■ **Task statement**
An exact copy of the data below is needed; please leave out any pictures.

■ **Dataset content**
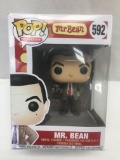 POP Television Mr. Bean #592 Mr. Bean Vinyl Figure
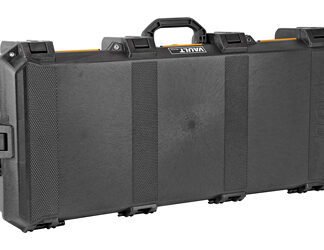 PELICAN VAULT V700 TKDWN/AR CASE BLK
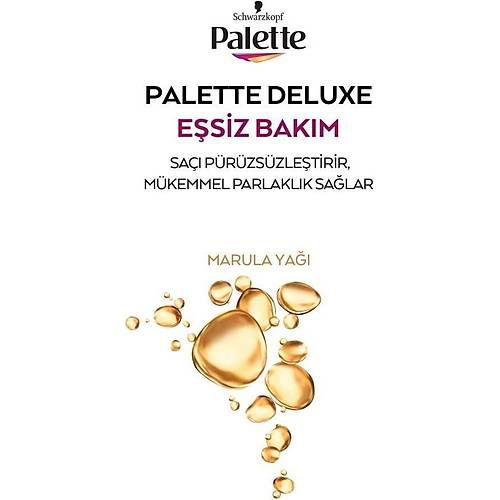 Schwarzkopf Palette Deluxe Uil Ultra Youn Renk Ac Sa Boyas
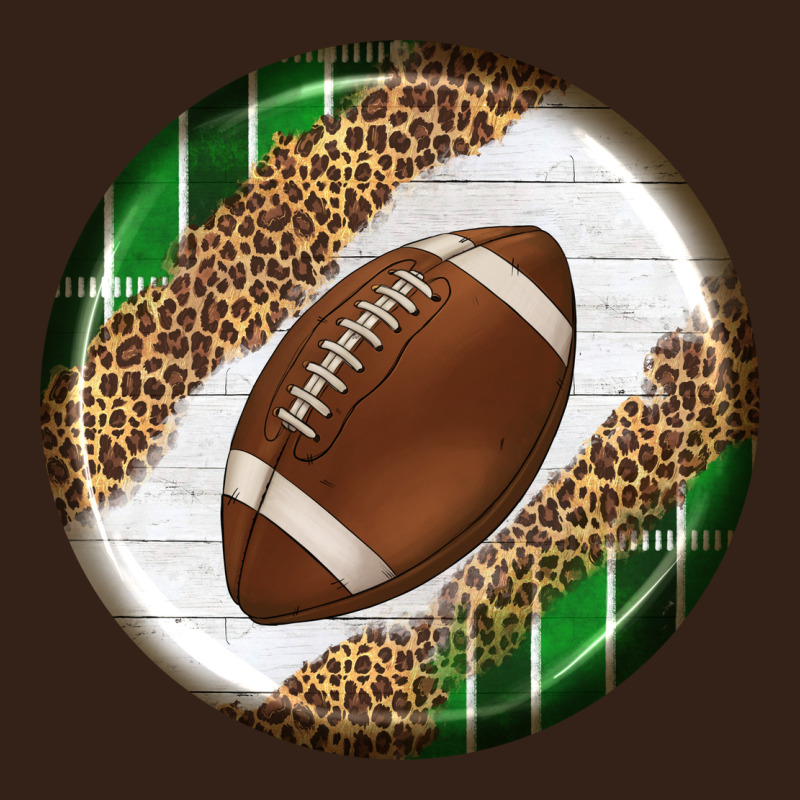 American Football Round Carrings 2 Heavy Core Tee by BundleAndBundleShop | Teevron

■ **Exercise solution**
 POP Television Mr. Bean #592 Mr. Bean Vinyl Figure
 PELICAN VAULT V700 TKDWN/AR CASE BLK
 Schwarzkopf Palette Deluxe Uil Ultra Youn Renk Ac Sa Boyas
 American Football Round Carrings 2 Heavy Core Tee by BundleAndBundleShop | Teevron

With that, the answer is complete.